Description Pier Luigi Pau 2019-01-15 10:33:24 UTC
On a 4.19+ kernel (at least since 4.19.12), the network interface card on my older desktop computer (circa 2009) no longer autonegotiates a 1Gb/s link with my gigabit switch. Networking is operational, but the NIC is limited to a 100Mb/s link. I have seen this behaviour while running a Debian package of a 4.19.12 kernel, as well as a 4.20.2 kernel compiled by myself.

Booting with 4.18.x kernels (tested up to 4.18.20), the same hardware is able to negotiate a 1Gbps/s link with no issue.

Relevant lines from the output of lspci -nn:

03:00.0 Ethernet controller [0200]: Realtek Semiconductor Co., Ltd. RTL8111/8168/8411 PCI Express Gigabit Ethernet Controller [10ec:8168] (rev 03)
04:00.0 Ethernet controller [0200]: Realtek Semiconductor Co., Ltd. RTL8111/8168/8411 PCI Express Gigabit Ethernet Controller [10ec:8168] (rev 03)

Output of ethtool eth0 on 4.18.20:

Settings for eth0:
	Supported ports: [ TP MII ]
	Supported link modes:   10baseT/Half 10baseT/Full 
	                        100baseT/Half 100baseT/Full 
	                        1000baseT/Half 1000baseT/Full 
	Supported pause frame use: No
	Supports auto-negotiation: Yes
	Advertised link modes:  10baseT/Half 10baseT/Full 
	                        100baseT/Half 100baseT/Full 
	                        1000baseT/Half 1000baseT/Full 
	Advertised pause frame use: Symmetric Receive-only
	Advertised auto-negotiation: Yes
	Link partner advertised link modes:  10baseT/Half 10baseT/Full 
	                                     100baseT/Half 100baseT/Full 
	                                     1000baseT/Full 
	Link partner advertised pause frame use: Symmetric
	Link partner advertised auto-negotiation: Yes
	Speed: 1000Mb/s
	Duplex: Full
	Port: MII
	PHYAD: 0
	Transceiver: internal
	Auto-negotiation: on
	Supports Wake-on: pumbg
	Wake-on: g
	Current message level: 0x00000033 (51)
			       drv probe ifdown ifup
	Link detected: yes

Output of ethtool eth0 on 4.19.12:

Settings for eth0:
	Supported ports: [ TP AUI BNC MII FIBRE ]
	Supported link modes:   100baseT/Full 
	Supported pause frame use: Symmetric Receive-only
	Supports auto-negotiation: No
	Advertised link modes:  100baseT/Full 
	Advertised pause frame use: Symmetric Receive-only
	Advertised auto-negotiation: No
	Link partner advertised link modes:  10baseT/Half 10baseT/Full 
	                                     100baseT/Half 100baseT/Full 
	Link partner advertised pause frame use: Symmetric
	Link partner advertised auto-negotiation: Yes
	Speed: 100Mb/s
	Duplex: Full
	Port: MII
	PHYAD: 0
	Transceiver: internal
	Auto-negotiation: on
	Supports Wake-on: pumbg
	Wake-on: g
	Current message level: 0x00000033 (51)
			       drv probe ifdown ifup
	Link detected: yes

I have no such problem on a different NIC from the same family, which I have on my laptop (lspci reports it similarly to the line above, but as "rev 0a").
Comment 1 Heiner Kallweit 2019-01-17 14:36:59 UTC
Could you please provide a full dmesg output?
And does unloading / reloading module r8169 fix the issue?
Comment 2 Pier Luigi Pau 2019-01-17 15:24:29 UTC
Created attachment 280563 [details]
dmesg output from 4.19.12, with module reloading at the end

The part after the 71 second mark happens when I unload/reload the module.
Comment 3 Pier Luigi Pau 2019-01-17 15:25:06 UTC
Thanks for your reply.
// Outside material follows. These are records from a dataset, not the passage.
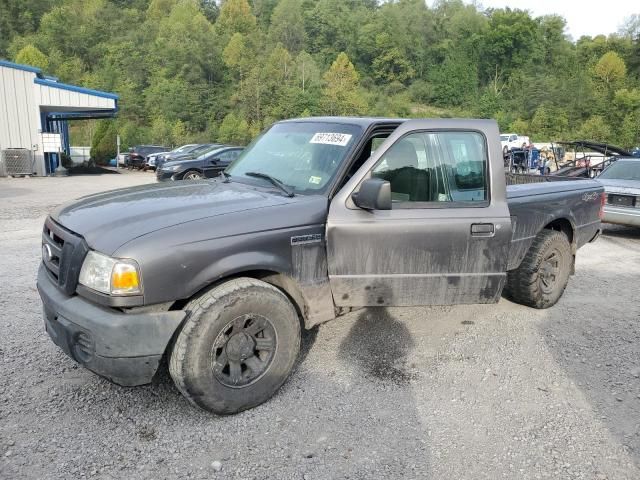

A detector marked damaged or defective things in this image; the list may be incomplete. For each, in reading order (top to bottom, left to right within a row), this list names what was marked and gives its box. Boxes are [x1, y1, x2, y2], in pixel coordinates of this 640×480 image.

damaged door [328, 120, 512, 308]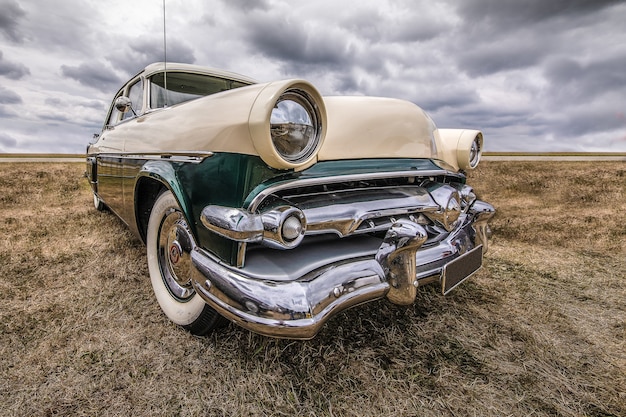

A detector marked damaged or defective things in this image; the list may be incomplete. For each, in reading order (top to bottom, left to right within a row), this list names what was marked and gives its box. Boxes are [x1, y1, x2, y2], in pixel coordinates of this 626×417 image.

dented chrome bumper [188, 200, 494, 340]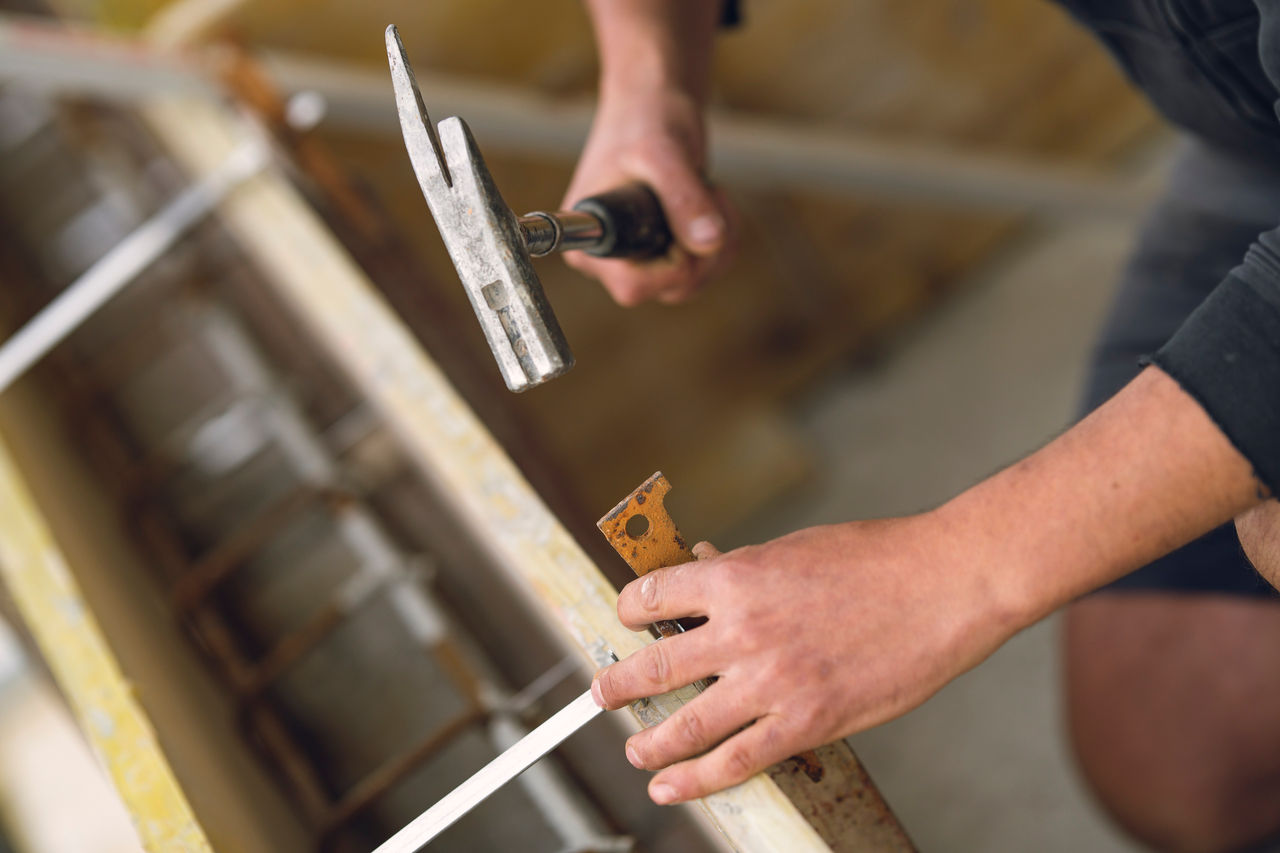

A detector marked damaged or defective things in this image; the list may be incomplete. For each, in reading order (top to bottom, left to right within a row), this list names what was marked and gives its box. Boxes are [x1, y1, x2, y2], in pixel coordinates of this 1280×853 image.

rusty metal bracket [593, 471, 916, 850]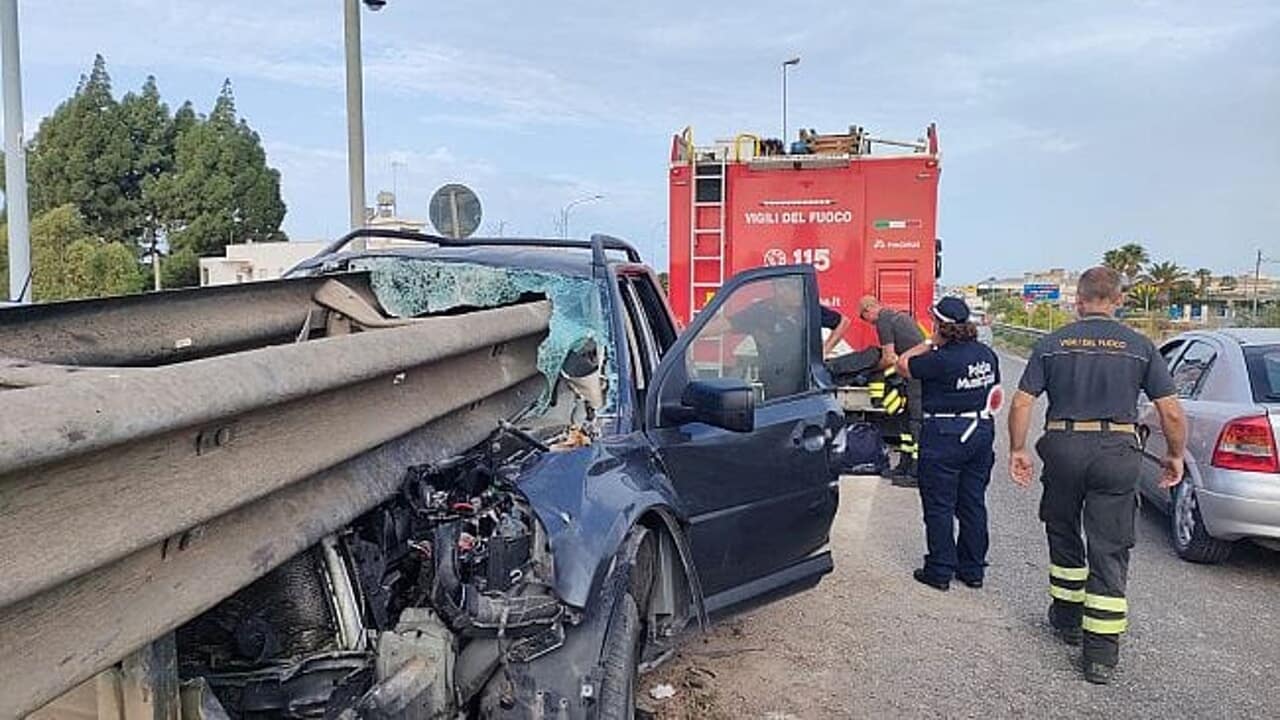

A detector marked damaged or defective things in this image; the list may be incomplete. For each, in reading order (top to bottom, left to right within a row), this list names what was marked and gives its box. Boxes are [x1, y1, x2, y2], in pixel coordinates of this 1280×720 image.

shattered windshield [348, 256, 612, 410]
severely damaged blue suv [178, 232, 840, 720]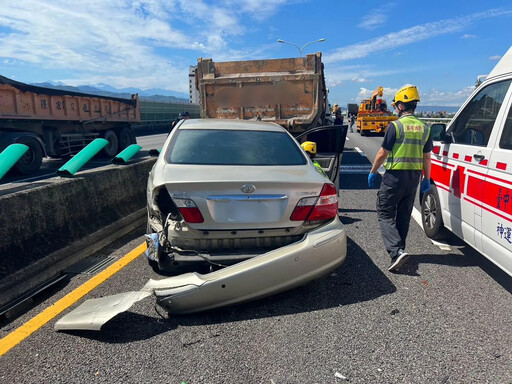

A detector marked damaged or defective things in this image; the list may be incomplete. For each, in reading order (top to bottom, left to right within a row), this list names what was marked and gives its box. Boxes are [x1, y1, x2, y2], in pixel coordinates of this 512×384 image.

broken tail light [173, 198, 203, 222]
detached bumper [54, 218, 346, 332]
damaged white sedan [55, 119, 348, 330]
broken tail light [290, 184, 338, 222]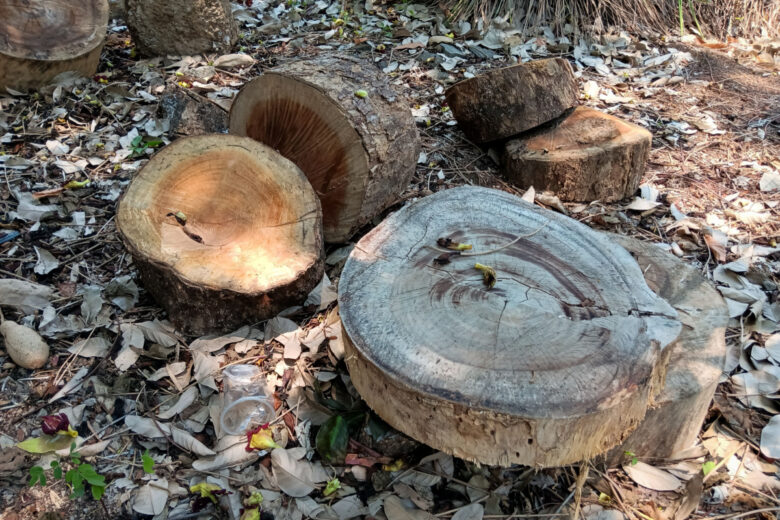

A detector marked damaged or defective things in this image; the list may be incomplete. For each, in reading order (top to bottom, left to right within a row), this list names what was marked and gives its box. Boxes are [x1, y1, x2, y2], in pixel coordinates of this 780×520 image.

splintered wood [338, 187, 680, 468]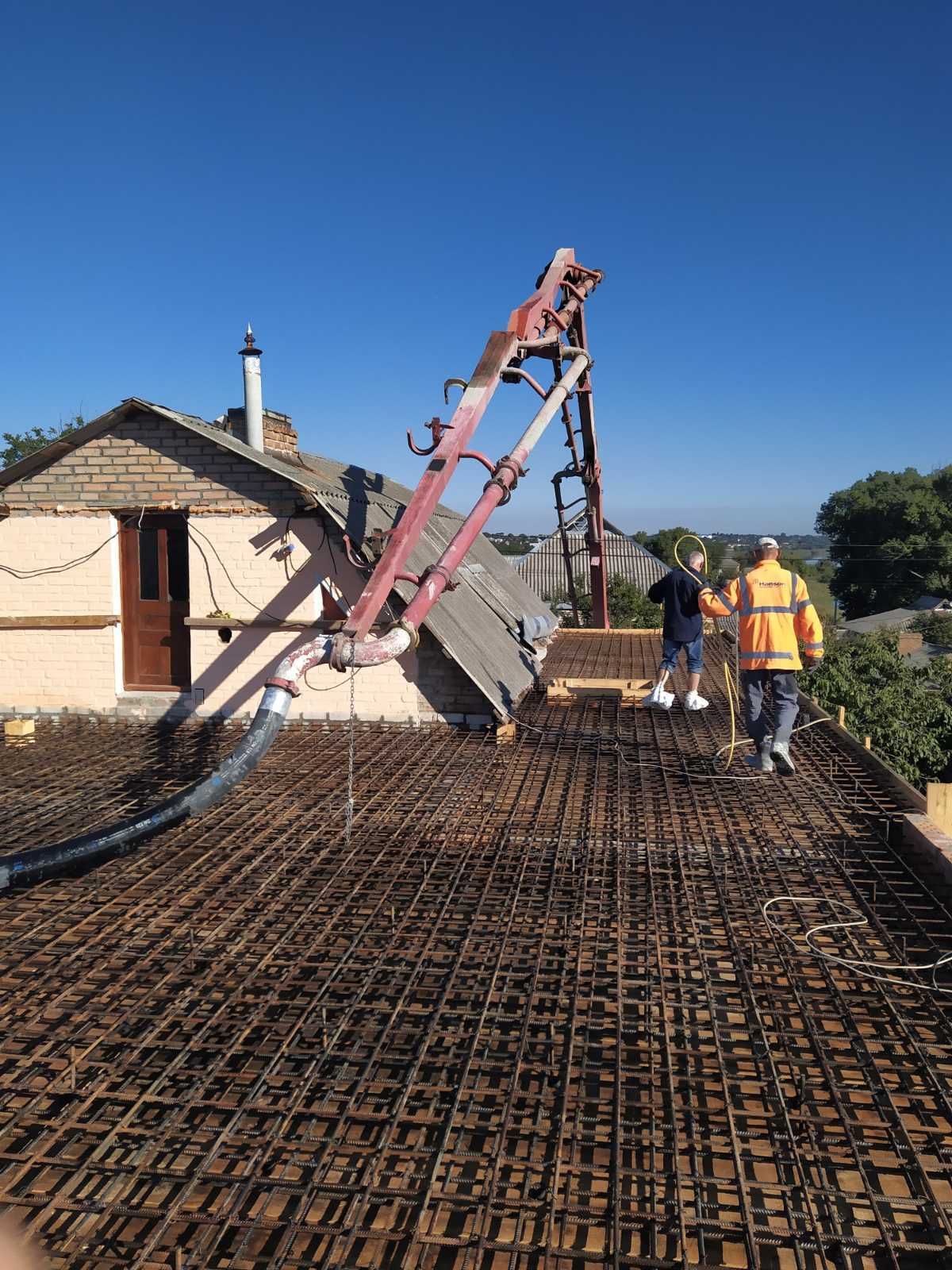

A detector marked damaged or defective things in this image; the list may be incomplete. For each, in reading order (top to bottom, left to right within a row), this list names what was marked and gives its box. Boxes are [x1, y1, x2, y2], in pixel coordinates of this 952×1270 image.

rusty rebar grid [0, 641, 946, 1264]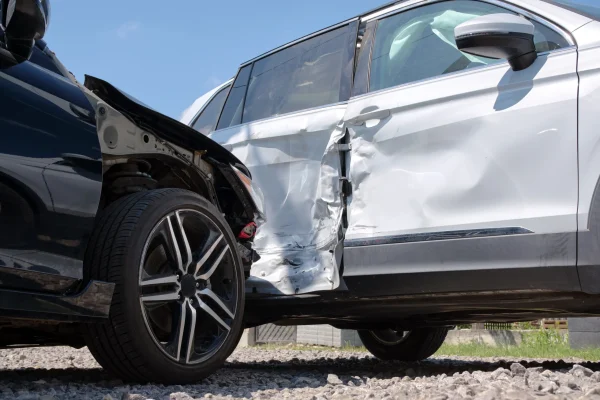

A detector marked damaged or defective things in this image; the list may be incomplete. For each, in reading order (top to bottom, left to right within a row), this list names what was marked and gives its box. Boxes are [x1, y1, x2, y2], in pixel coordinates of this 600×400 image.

torn sheet metal [209, 105, 344, 294]
crumpled metal panel [210, 105, 346, 294]
damaged white car door [207, 20, 356, 294]
damaged white car door [342, 0, 580, 288]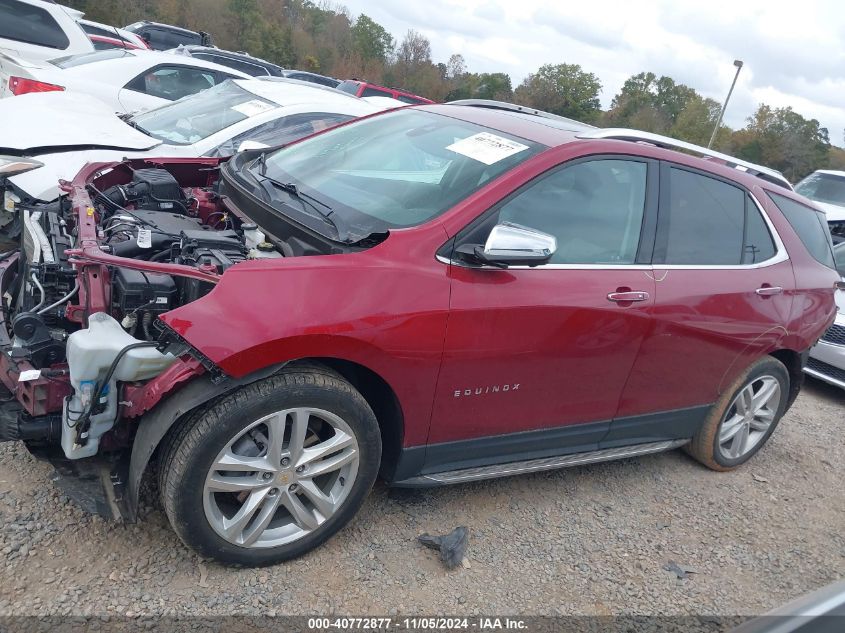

Removing and reloading the r8169 module does indeed fix the issue (until reboot). For the record, the output of ethtool eth0 on 4.19.12 after reloading r8169 is also slightly different:

Settings for eth0:
	Supported ports: [ TP MII ]
	Supported link modes:   10baseT/Half 10baseT/Full 
	                        100baseT/Half 100baseT/Full 
	                        1000baseT/Half 1000baseT/Full 
	Supported pause frame use: Symmetric Receive-only
	Supports auto-negotiation: Yes
	Advertised link modes:  10baseT/Half 10baseT/Full 
	                        100baseT/Half 100baseT/Full 
	                        1000baseT/Half 1000baseT/Full 
	Advertised pause frame use: Symmetric Receive-only
	Advertised auto-negotiation: Yes
	Link partner advertised link modes:  10baseT/Half 10baseT/Full 
	                                     100baseT/Half 100baseT/Full 
	                                     1000baseT/Full 
	Link partner advertised pause frame use: Symmetric
	Link partner advertised auto-negotiation: Yes
	Speed: 1000Mb/s
	Duplex: Full
	Port: MII
	PHYAD: 0
	Transceiver: internal
	Auto-negotiation: on
	Supports Wake-on: pumbg
	Wake-on: g
	Current message level: 0x00000033 (51)
			       drv probe ifdown ifup
	Link detected: yes

I assume you need a dmesg output from a 4.19 kernel, so I attached one from a 4.19.12 kernel from Debian stretch-backports. The part after the 71 second mark happens when I reload the module.

Please let me know if you need more information.

Meanwhile, I have compiled a 4.19 (.0) kernel to test, and the NIC also links at 100Mb/s at boot with that kernel.
Comment 4 Heiner Kallweit 2019-01-17 17:14:31 UTC
Thanks a lot. Based on your information it seems to be a duplicate of the following issue, here a link to the fix. The fix didn't make it to 4.19/4.20 yet.

https://bugzilla.redhat.com/show_bug.cgi?id=1650984#c111
Comment 5 Pier Luigi Pau 2019-01-20 19:30:28 UTC
I have read the bug report you mentioned, the root cause looks similar, although in my case the network hasn't stopped working altogether, as it did for most users there. My NIC simply fails to negotiate a gigabit link and works at 100 Mbit/s. Also, there is no difference depending on whether I reboot from a 4.18 kernel or from a 4.19 kernel (at least thus far).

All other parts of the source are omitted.